The dust seems to have settled (a little) on the referendum result but I still feel very down about the blame for everything that is wrong with the world being laid at the feet of us boomers.

Many of us voted remain - and as I understand more of us turned out to vote than younger people whose futures were more in jeopardy. Whatever we voted many of us made those choices based SOLELY on the desires for our children and grandchildren to have a better future.

And still the accusations come along with the blame for everything else because we "had it so easy".

Yes we had free university education and didn't have to pay the tuition fees which make it so difficult for many younger people these days. But IT ISN"T OUR FAULT that it is no longer the case for our grandchildren.

Yes it was easier for us to buy houses and get onto the property ladder. But again - are we the ones who made this change? No. I would love to know my grandchildren could eventually find nice homes and not struggle to even rent.

My husband and I have worked hard all our lives. Yes we own our home but we have slogged and gone without to do so and have never had luxuries or fancy holidays. I am not complaining - this was our choice and I realise we were lucky to get on the property ladder. But I still don't see why everything is blamed on us.

sunseeker Wed 06-Jul-16 10:40:18

Don't forget when we bought our houses interest rates were around 15%, salaries were very low and it was equally a struggle to meet the mortgage repayments. Many "boomers" help their children with house deposits or rent, free childcare etc. at a time when the interest rate on our small savings is very low with the threat it will drop even lower. Like you we worked hard all our lives - my late DH would do a day's work - 7.30 - 6.00, come home have a meal and then go back out to work a further 3 hours. Holidays, if taken, were usually a week in a caravan in Cornwall. It was fairly unusual for people to go to university (at least in my circle), but of course we had it easy.

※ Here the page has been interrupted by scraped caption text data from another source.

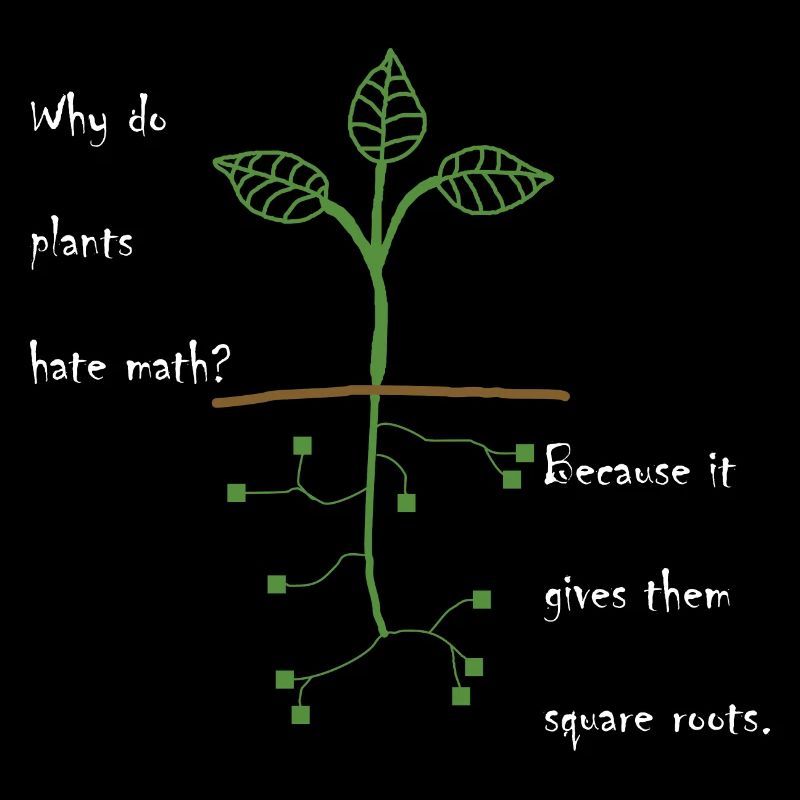 Why do plants hate math joke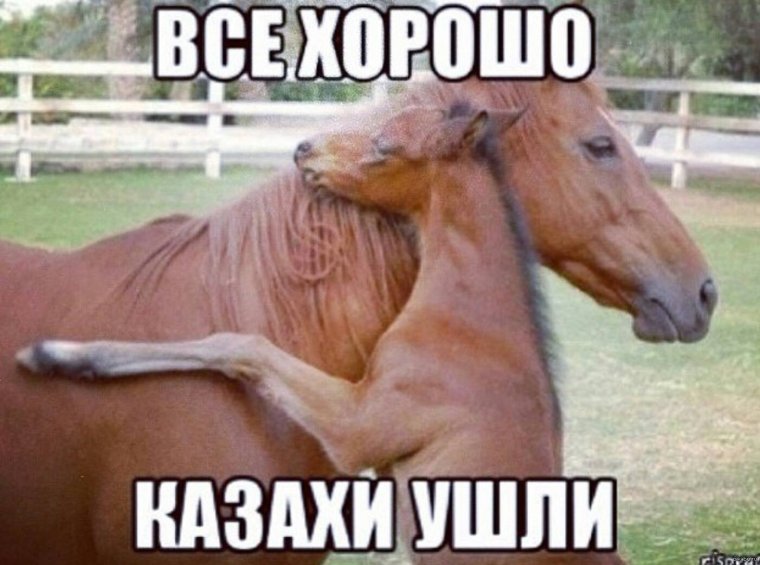 Убойный юмор приколы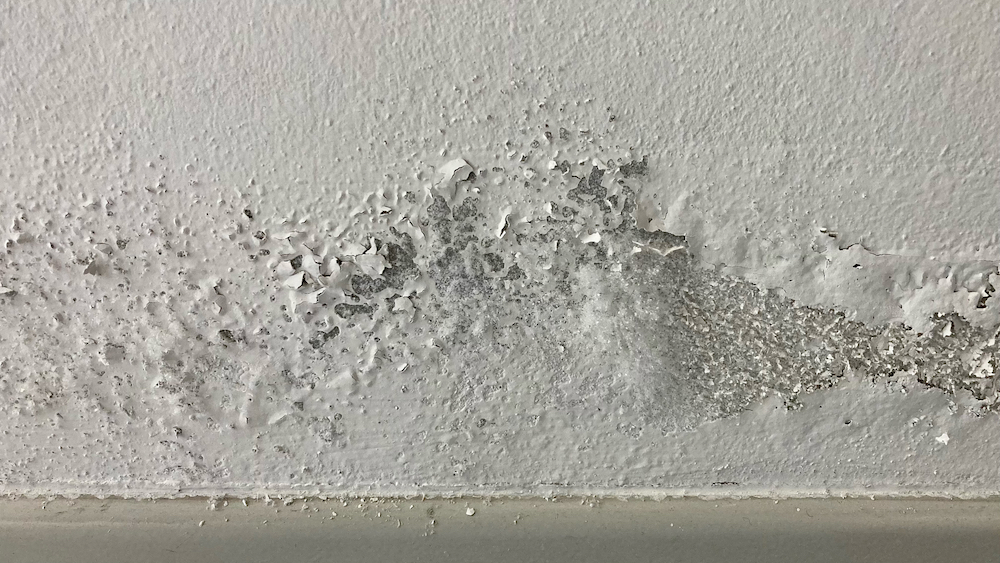 Mold behind walls in a home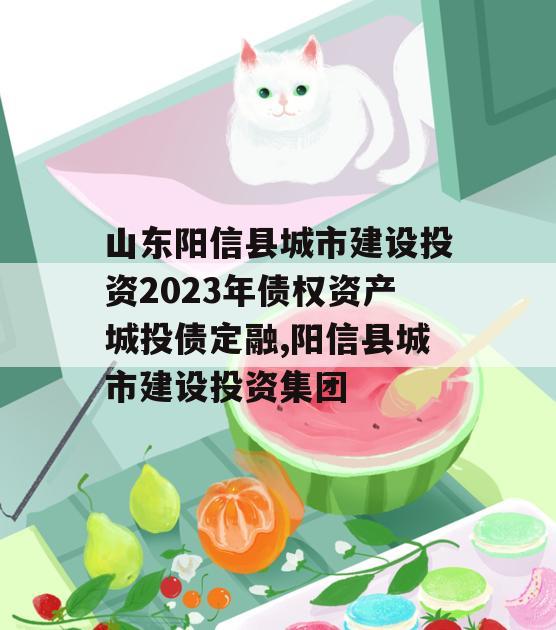 山东阳信县城市建设投资2023年债权资产城投债定融,阳信县城市建设投资集团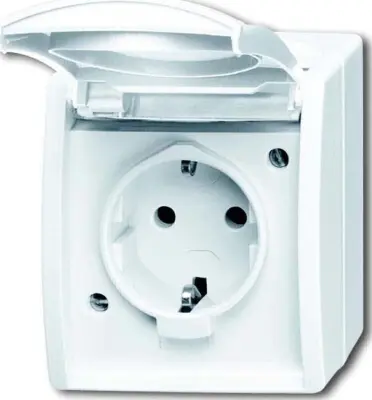 Busch-Jaeger SCHUKO vtičnica 20 EWN-54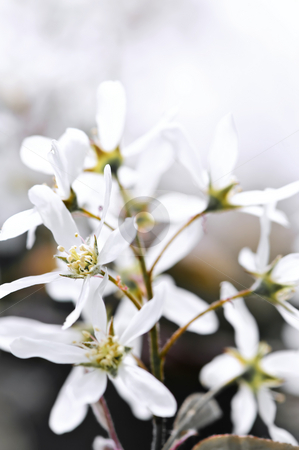 To use this stock image in your creative project, please select the size you need over to the right and click the "Add to Cart" button.
Your downloaded image will come with the Cutcaster watermark removed so don’t worry about the watermark you see on this page. Gentle white spring flowers stock photo, Gentle white spring flowers of the serviceberry shrub by Elena Elisseeva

humbug Wed 06-Jul-16 10:42:20

Very good points

cornergran Wed 06-Jul-16 10:56:38

Totally agree sunseeker. We had a major struggle to pay the mortgage at times with those very high interest rates. Work was often far from secure. I think the real difference is that we didn't expect so much, I hoped to achieve the very moderate lifestyle of older people around me (working class who believed in saving for the future) but I didn't expect to have it until I had worked, raised my family and saved for whatever the future brought. When I listen to younger people now I hear a very different attitude, thinking has changed, evolved and expectations are different. Of course we want our children to have a better life than we did, current housing costs are astronomical, life is difficult for many - but it always has been. The outcome of the referendum is a worry for many people, but to accuse older people of sabotaging the future is so inaccurate I find it hard to take it seriously, I worry for younger people but I do not take their accusations into my self. humbug, please try to move away from the sense of blame, not all younger people blame us, many are highlighting those who simply didn't vote. I hope you feel less weighed down soon.

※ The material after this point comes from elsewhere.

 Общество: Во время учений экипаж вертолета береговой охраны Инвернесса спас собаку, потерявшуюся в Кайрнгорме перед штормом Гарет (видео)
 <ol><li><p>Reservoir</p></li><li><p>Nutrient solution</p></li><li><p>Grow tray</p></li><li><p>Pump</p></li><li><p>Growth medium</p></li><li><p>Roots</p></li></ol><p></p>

vampirequeen Wed 06-Jul-16 17:53:03

We were the last generation before the consumerism boom when suddenly it was 'I need it now and it has to be new'. These are the first children who were bombarded with adverts from an early age. They grew up with different expectations about what they could/should own or how often/types of holidays.

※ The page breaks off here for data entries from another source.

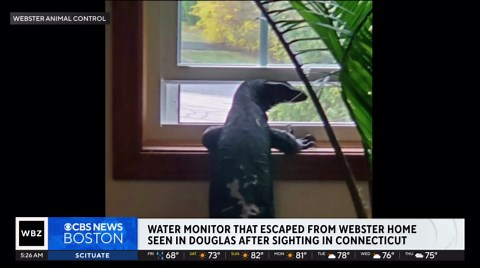 Escaped 5-foot-long lizard spotted again in Massachusetts after Connecticut sighting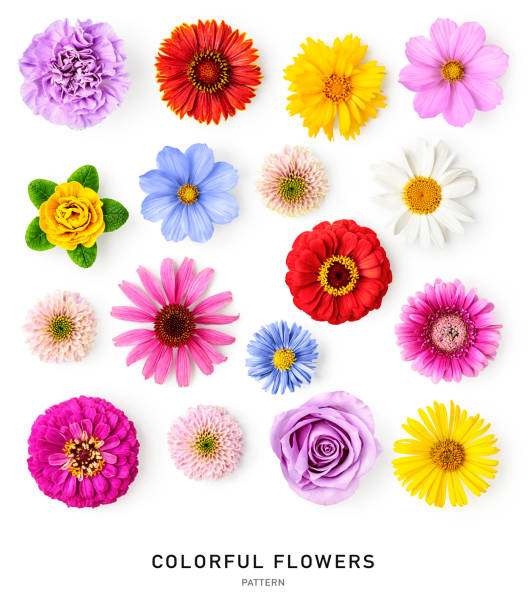 kuvapankkikuvat ja rojaltivapaat kuvat aiheesta päivänkakkara kesäkukkakuviokokoelma eristetty valkoiselle pohjalle - kukinto
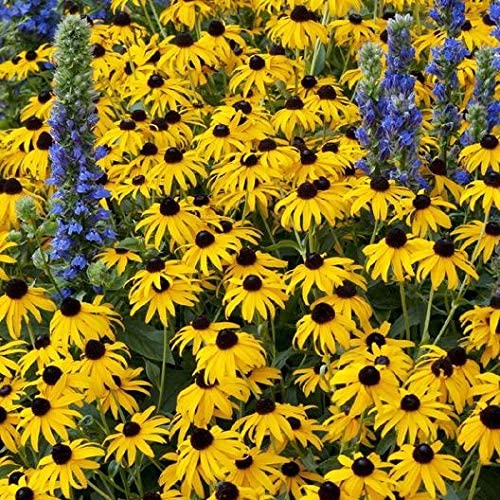 Black eyed Susans are part of the Aster family.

Try not to be depressed. The young have always criticised the old and vice versa. This is just the latest example.

Mumsy Thu 07-Jul-16 07:50:19

never heard of any blame being put on the baby boomers! We didnt have it easy we had to work hard for what we wanted!
At the end of the day it doesnt matter who or who not is to blame, time to move on and hope for a better future for our kids, its going to take a couple of years for things to pan out and to know the ourcome.

Anya Thu 07-Jul-16 07:53:25

'Every generation blames the one before'

Mumsy Thu 07-Jul-16 08:06:56

oh Anya I cant get that song out of my head now! grin for those who dont know Mike and the Mechanics sang Every Generation)

PRINTMISS Thu 07-Jul-16 08:09:50

That is true Anya and it is true, isn't it that each generation breeds the next, so that the world we now live in is the one we (the older generation) helped our children to grow up in. "When we were young" and "In my day" are all things the older generation love to talk about, and indeed we did all work hard because there was no alternative, we cannot blame the young people of today for taking advantage of what we have made available for them, including free speech and I think on the whole they have far more knowledge of the world than we did at their age.

Anya Thu 07-Jul-16 08:14:36


abbey Thu 07-Jul-16 09:11:20

Yes, we had free university education but only between 5% -10% were actually allowed to go. They were the brightest of the brightest and even then it was not guaranteed that a graduate would have a well paid "graduate job". Only 20% went to grammar schools . The rest went to Secondary Modern schools and out to work at 15. Now its 50% in university and almost anyone can go if they want to pay for themselves.

Lots of myths and falsehoods around.

railman Thu 07-Jul-16 09:12:43

Fascinating implication that all "baby boomers" went to university - of course that's not true, and as others have said we had to work hard for what we achieved. Yes, we had to do without, and try and save, or minimise what we had 'on tick', and rely on the good will of others to loan us the money for a deposit on our first home. But we didn't simply expect to have 'things' handed to us on a plate, and we didn't require 'new kitchens', 'dishwashers' or 'conservatories' as we set off in life.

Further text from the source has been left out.